Created by this university’s National Center for Smart Growth, PALS aims to use student learning to help local communities by providing governments with low-cost, innovative environmental consulting.
“What PALS does is mix local government issues with the use of students and faculty as consultants in an academic setting,” PALS Director Uri Avin said. “The program is all about networking.”
Though it was created in fall 2014, PALS has already developed a record of success, Avin said.
Participating students and faculty spent the past academic year in Frederick, where more than 20 courses and projects merged 50,000 student hours with faculty expertise and city officials’ specialized knowledge to meet needs from a shared-use path to a composting recovery.
“We’re in the second semester of finishing up and it’s been very successful,” Avin said. “There have been some excellent products, the city has found it useful, and students and faculty have found it useful.”
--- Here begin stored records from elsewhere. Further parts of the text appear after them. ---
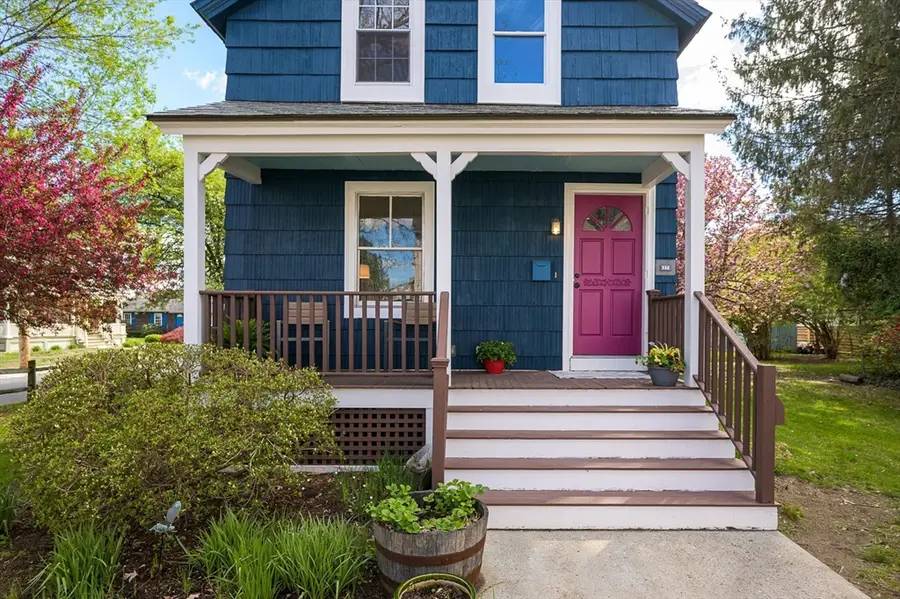 17 Olympia St, Easthampton, MA 01027 - #2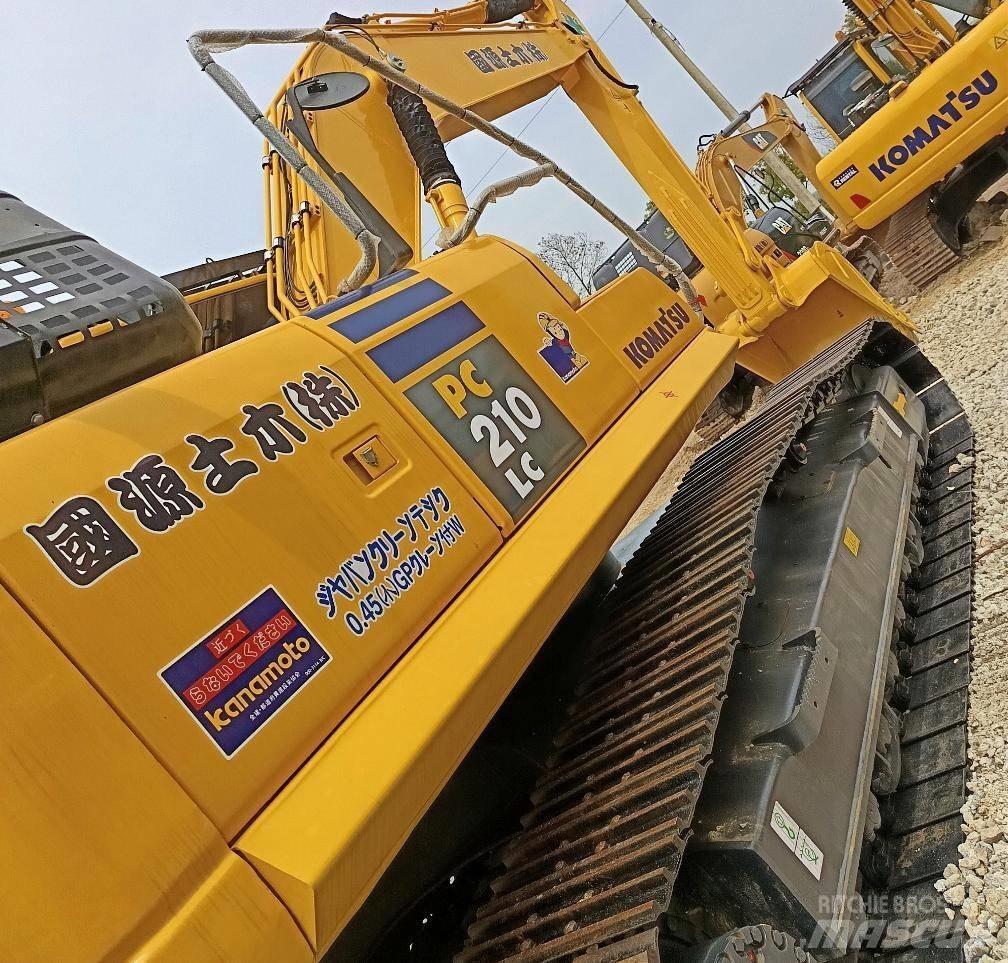 Komatsu PC 210 대형 굴삭기 29톤 이상
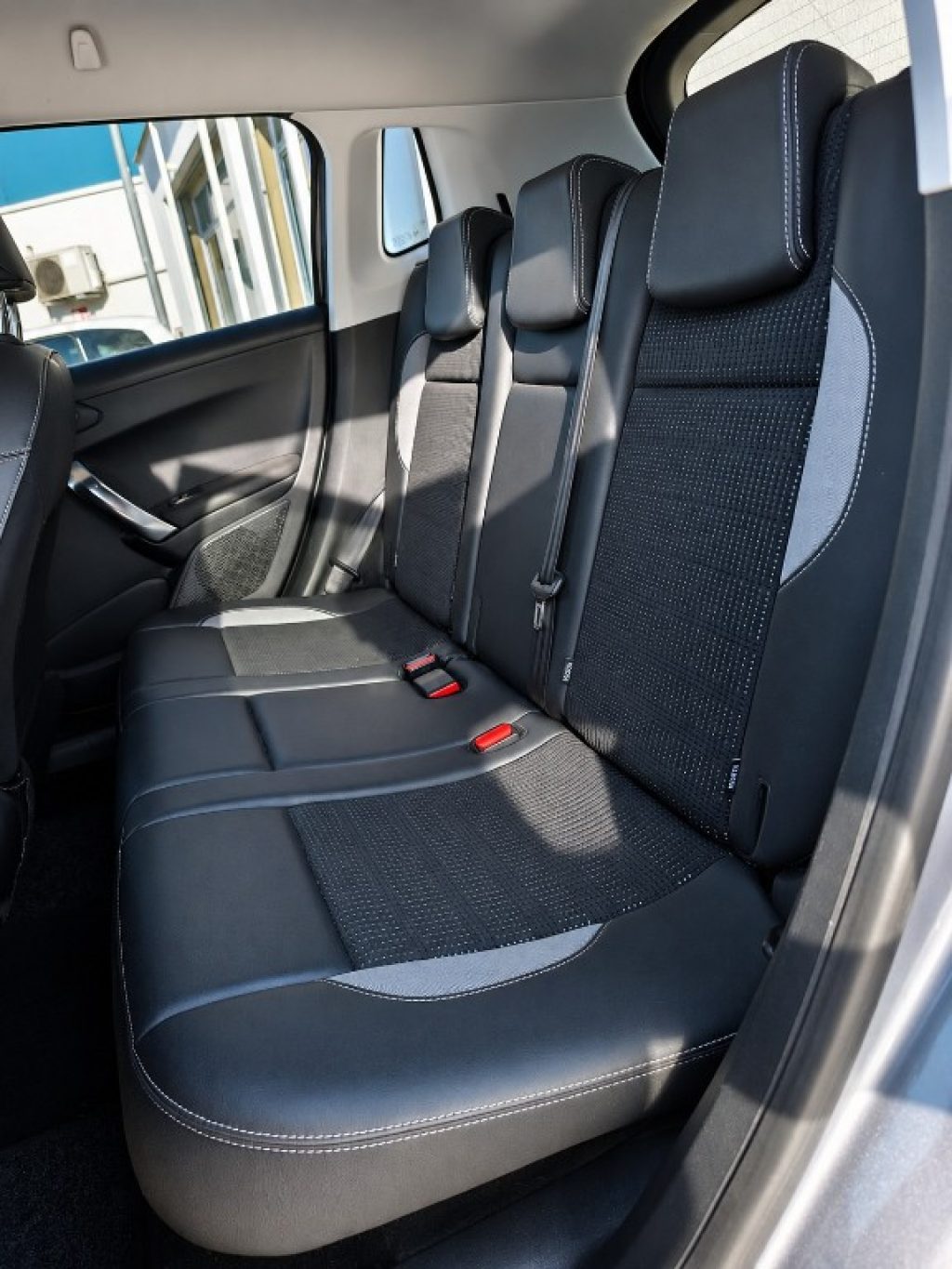PEUGEOT 2008 BlueHDi 100 Cv Pelle Clima Aut. Navi Neo Patentati - 13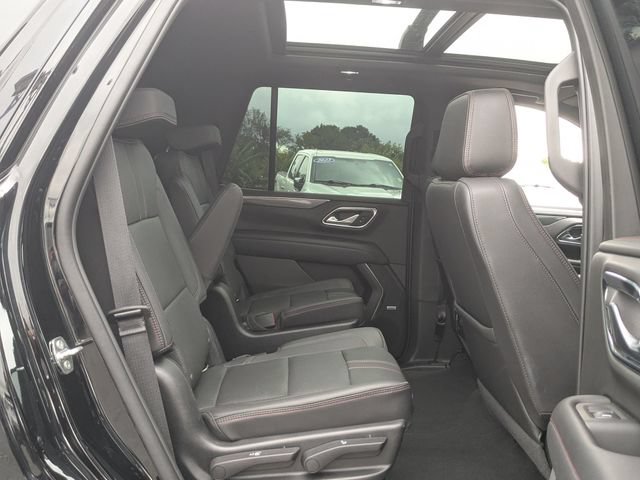 Used 2022 Chevrolet Tahoe RST w/ Luxury Package RWD image 28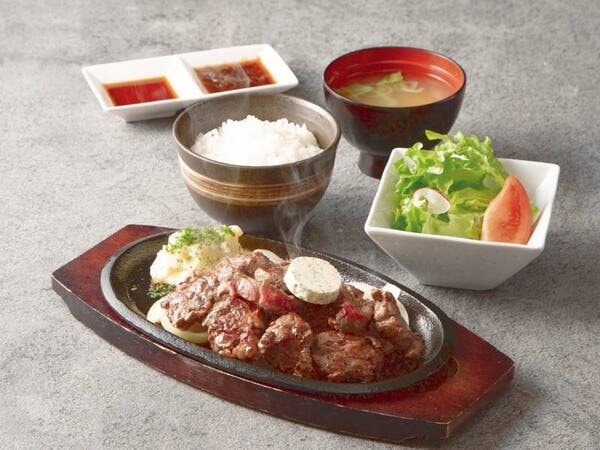 ②牛カットステーキ定食/例
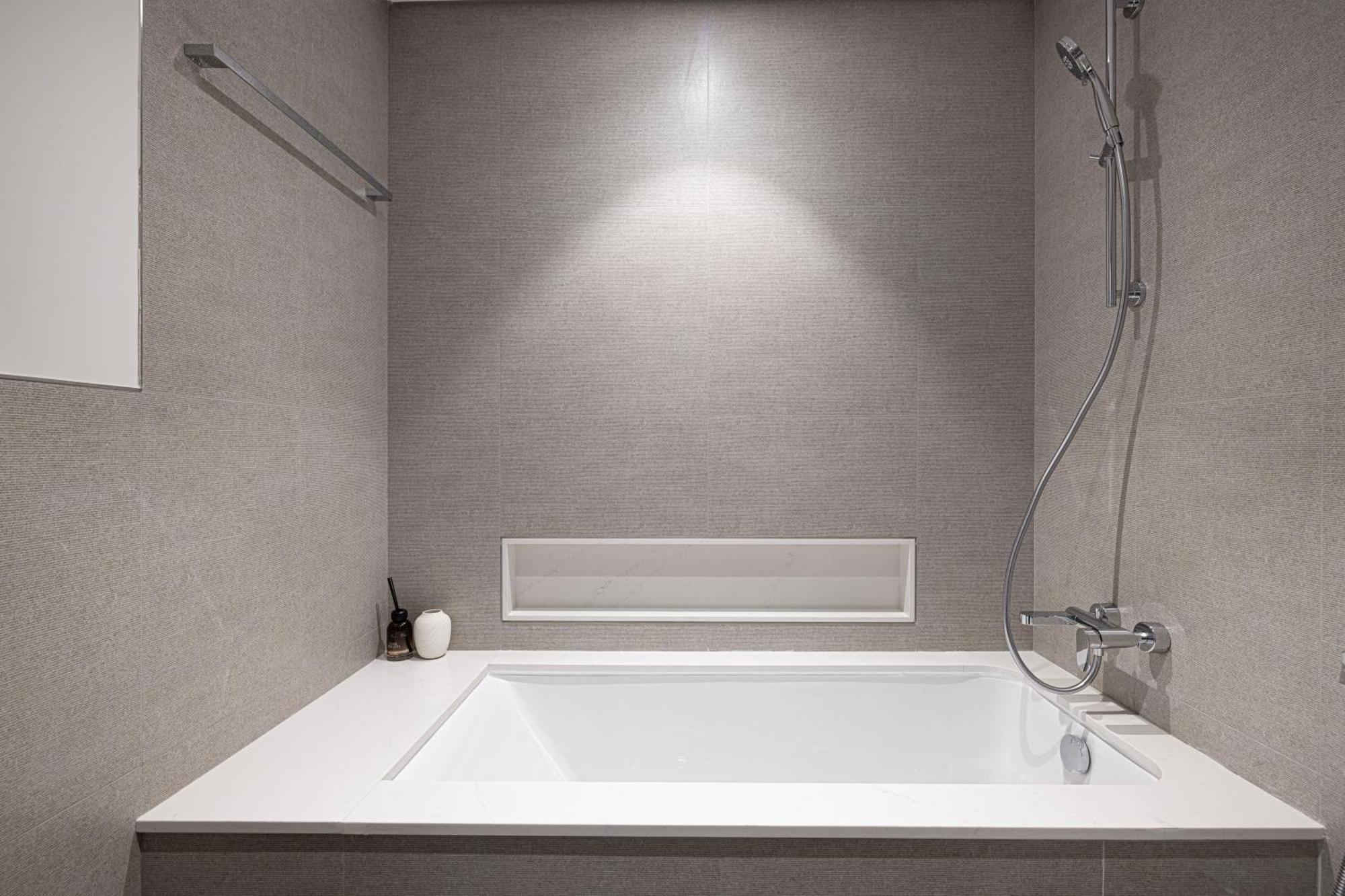 Apartment Emaar Grande - Elegant 1 Bedroom - Infinity Pool - 1min To Mall And Burj Khalifa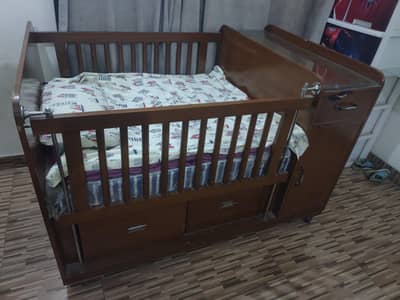 baby cot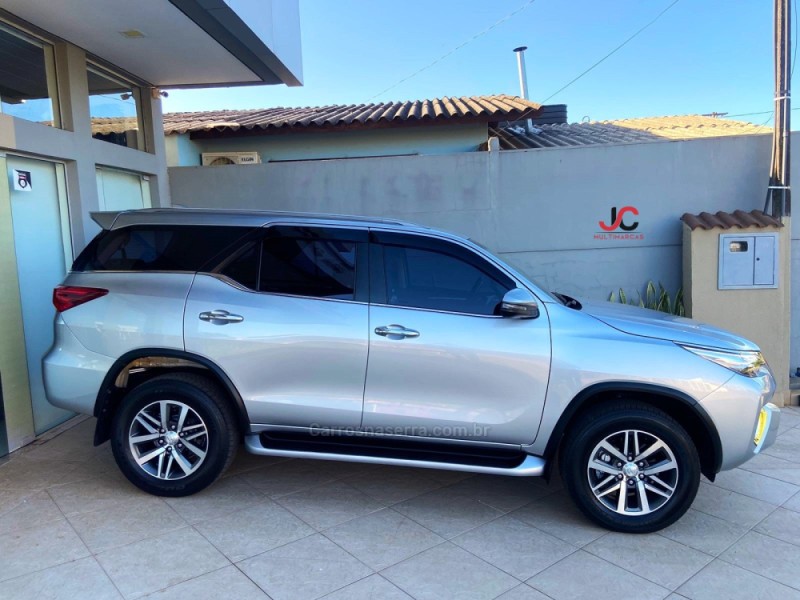 HILUX SW4 2.8 SRX 4X4 7 LUGARES 16V TURBO INTERCOOLER DIESEL 4P AUTOMÁTICO - 2019 - CAMPINAS DO SUL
In College Park, the four approved classes include an architecture studio course focusing on redesigning the space formerly occupied by The Barking Dog, a greenhouse gas analysis of the city, a public art studio course and a study of the city’s waste management practices, which looks to establish a three-year zero-waste plan.
“PALS harnesses the experience of UMD faculty and energy of younger students to help Maryland communities,” District 1 Councilman Fazlul Kabir said. “It helps Maryland communities become more sustainable.”
The city is appropriating $15,000 for three of the four classes, but it will not sponsor the architecture course, which will instead be funded by the university, Avin said.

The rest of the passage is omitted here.